Below are entries. Copy exactly the lines running from the line that holds "ROAD MAP OF IKAALINEN, FINLAND BY MAPBAKES" to the line that holds "Performance Workwear Full", with both ends included.

Segment Start: SUPPLIED RECORDS

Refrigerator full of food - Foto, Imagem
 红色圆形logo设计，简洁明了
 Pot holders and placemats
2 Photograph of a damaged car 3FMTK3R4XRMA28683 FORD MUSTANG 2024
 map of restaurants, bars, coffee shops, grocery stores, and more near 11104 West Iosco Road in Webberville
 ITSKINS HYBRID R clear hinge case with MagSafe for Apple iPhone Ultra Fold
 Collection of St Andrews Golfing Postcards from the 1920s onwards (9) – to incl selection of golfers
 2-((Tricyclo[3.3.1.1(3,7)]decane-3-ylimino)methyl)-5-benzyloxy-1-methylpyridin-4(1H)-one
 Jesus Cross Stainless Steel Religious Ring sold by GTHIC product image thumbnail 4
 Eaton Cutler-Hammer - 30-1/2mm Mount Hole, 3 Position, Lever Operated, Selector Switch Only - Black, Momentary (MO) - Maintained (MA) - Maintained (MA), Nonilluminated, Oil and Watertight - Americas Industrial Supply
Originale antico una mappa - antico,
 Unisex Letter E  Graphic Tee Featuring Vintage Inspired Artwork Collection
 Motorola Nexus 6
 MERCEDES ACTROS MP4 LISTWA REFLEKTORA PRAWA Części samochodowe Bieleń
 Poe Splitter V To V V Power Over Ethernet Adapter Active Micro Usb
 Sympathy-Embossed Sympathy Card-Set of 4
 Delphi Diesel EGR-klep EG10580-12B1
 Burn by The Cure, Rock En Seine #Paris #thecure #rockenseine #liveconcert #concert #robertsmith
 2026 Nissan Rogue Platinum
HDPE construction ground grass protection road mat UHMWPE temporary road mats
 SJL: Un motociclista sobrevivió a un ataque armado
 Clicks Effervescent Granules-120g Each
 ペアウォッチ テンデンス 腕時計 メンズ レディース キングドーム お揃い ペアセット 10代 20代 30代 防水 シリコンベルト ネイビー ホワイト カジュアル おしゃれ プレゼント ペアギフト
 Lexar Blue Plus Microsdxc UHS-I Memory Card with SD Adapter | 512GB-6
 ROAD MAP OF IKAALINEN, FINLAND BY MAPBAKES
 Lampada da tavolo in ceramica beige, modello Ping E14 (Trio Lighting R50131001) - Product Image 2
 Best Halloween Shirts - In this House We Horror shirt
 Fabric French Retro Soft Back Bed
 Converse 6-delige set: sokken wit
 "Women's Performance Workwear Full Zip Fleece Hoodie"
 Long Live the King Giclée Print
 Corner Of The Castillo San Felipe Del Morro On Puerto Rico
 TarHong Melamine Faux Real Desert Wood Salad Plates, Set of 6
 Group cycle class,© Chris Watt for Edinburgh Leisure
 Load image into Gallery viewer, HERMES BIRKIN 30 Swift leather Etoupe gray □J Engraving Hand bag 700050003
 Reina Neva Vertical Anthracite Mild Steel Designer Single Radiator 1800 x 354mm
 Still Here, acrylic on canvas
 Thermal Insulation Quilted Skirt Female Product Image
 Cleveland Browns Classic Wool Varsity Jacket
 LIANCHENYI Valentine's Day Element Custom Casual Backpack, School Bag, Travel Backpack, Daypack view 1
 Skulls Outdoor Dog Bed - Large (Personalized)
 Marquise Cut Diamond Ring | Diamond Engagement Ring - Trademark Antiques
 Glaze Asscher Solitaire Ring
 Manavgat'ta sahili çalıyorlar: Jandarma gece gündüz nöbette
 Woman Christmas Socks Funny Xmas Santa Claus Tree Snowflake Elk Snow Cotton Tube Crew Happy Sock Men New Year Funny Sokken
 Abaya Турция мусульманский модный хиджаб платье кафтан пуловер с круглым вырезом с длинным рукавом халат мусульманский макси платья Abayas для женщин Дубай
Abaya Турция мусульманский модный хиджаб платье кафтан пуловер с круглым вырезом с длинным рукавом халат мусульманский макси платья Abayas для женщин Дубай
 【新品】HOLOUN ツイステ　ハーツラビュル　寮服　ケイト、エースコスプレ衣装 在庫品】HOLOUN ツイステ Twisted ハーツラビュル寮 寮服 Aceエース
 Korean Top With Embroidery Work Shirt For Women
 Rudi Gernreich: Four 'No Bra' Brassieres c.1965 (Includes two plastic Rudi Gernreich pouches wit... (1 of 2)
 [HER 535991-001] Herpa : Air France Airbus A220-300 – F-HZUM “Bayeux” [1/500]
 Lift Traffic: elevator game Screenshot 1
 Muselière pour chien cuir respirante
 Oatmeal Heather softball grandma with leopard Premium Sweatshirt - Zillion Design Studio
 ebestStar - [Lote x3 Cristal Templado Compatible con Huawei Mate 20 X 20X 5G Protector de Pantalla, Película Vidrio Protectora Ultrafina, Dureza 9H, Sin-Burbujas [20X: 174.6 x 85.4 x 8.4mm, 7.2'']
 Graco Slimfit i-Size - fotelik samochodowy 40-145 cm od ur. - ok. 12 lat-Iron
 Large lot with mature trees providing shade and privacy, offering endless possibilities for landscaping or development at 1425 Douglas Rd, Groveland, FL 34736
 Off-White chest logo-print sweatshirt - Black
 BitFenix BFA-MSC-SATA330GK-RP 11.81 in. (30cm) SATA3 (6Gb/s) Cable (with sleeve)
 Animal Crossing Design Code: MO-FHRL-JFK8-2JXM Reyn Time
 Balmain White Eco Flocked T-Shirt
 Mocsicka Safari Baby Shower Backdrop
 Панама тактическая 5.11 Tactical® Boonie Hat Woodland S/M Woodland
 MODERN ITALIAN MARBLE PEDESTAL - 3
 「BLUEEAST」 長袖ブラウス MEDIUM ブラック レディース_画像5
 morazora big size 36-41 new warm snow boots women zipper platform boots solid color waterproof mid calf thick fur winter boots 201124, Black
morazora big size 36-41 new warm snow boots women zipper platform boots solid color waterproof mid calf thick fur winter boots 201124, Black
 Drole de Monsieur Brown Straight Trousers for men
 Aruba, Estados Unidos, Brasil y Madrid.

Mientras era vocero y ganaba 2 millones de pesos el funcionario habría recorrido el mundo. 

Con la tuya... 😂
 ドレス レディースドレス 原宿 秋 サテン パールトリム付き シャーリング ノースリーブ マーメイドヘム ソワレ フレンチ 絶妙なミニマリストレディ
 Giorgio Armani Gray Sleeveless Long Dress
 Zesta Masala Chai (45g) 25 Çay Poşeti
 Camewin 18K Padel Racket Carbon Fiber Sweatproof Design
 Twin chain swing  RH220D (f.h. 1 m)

Segment End: SUPPLIED RECORDS

EXERCISE OUTPUT:
 ROAD MAP OF IKAALINEN, FINLAND BY MAPBAKES
 Lampada da tavolo in ceramica beige, modello Ping E14 (Trio Lighting R50131001) - Product Image 2
 Best Halloween Shirts - In this House We Horror shirt
 Fabric French Retro Soft Back Bed
 Converse 6-delige set: sokken wit
 "Women's Performance Workwear Full Zip Fleece Hoodie"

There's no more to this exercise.